Add consistent synonyms for \p{PosxFOO}

This patch adds a set of synonyms \p{XPosixFOO} for the full extended Unicode version of \p{PosixFOO}, so only one rule need be remembered. Similarly, \p{XPerlSpace} is added to preserve the rule for the one similar class that doesn't have Posix in its name. Prior to this patch there was no exact equivalent to \p{PosixPunct} extended beyond ASCII.
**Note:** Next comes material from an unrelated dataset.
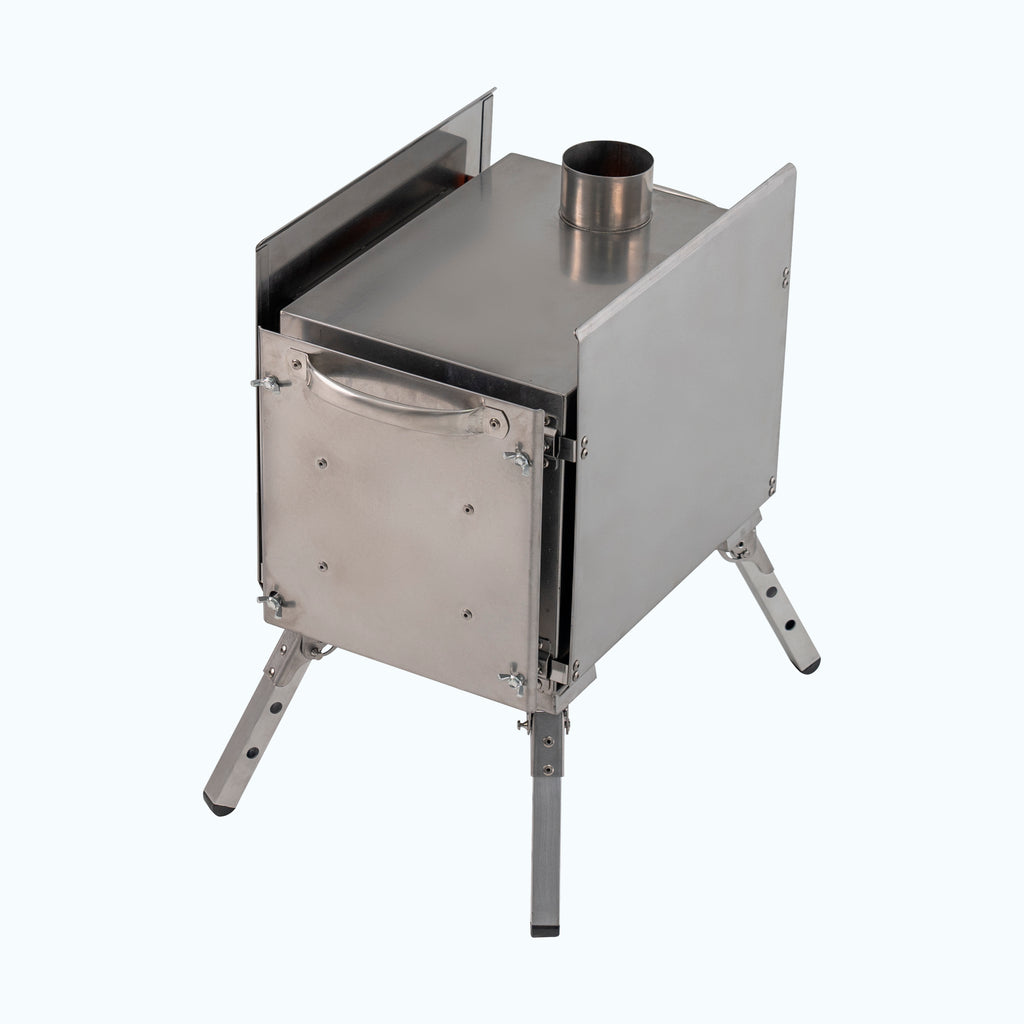 Small Wood Stove With Fire-Resistant Glass "Caminus S".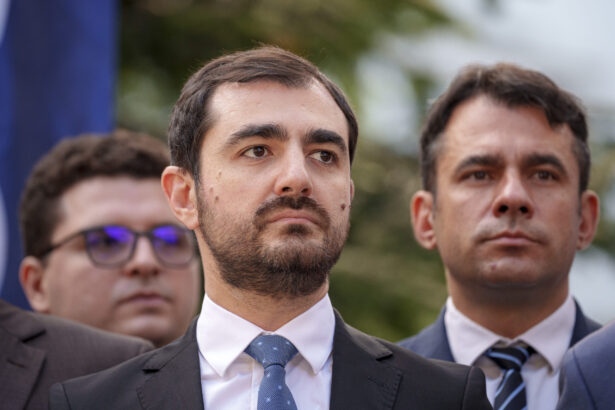 claudiu nasui acuza partidele nu vor reducerea numarului de parlamentari la 300 6909a3e14b098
author: Karl Williamson <public@khwilliamson.com> 2010-10-30 10:13:48 -0600
committer: Father Chrysostomos <sprout@cpan.org> 2010-10-31 12:21:05 -0700
commit: cbc24f92709e23449028ec3036bda16c0af294fb (patch)
tree: 5d41bddd0e82d67ebf31321f2d8b60cc5ee23d24 /pod/perlrecharclass.pod
parent: 0721d74039598968722031f4192aa5133e1659c9 (diff)
download: perl-cbc24f92709e23449028ec3036bda16c0af294fb.tar.gz
1 files changed, 37 insertions, 27 deletions
diff --git a/pod/perlrecharclass.pod b/pod/perlrecharclass.pod
index 0b88cc46a5..1a6fd315bf 100644
--- a/pod/perlrecharclass.pod
+++ b/pod/perlrecharclass.pod
@@ -522,7 +522,8 @@ The other counterpart, in the column labelled "Full-range Unicode", matches any
 appropriate characters in the full Unicode character set.  For example,
 C<\p{Alpha}> will match not just the ASCII alphabetic characters, but any
 character in the entire Unicode character set that is considered to be
-alphabetic.
+alphabetic.  The backslash sequence column is a (short) synonym for
+the Full-range Unicode form.
 
 (Each of the counterparts has various synonyms as well.
 L<perluniprops/Properties accessible through \p{} and \P{}> lists all the
@@ -533,8 +534,8 @@ and any C<\p> property name can be prefixed with "Is" such as C<\p{IsAlpha}>.)
 Both the C<\p> forms are unaffected by any locale that is in effect, or whether
 the string is in UTF-8 format or not, or whether the platform is EBCDIC or not.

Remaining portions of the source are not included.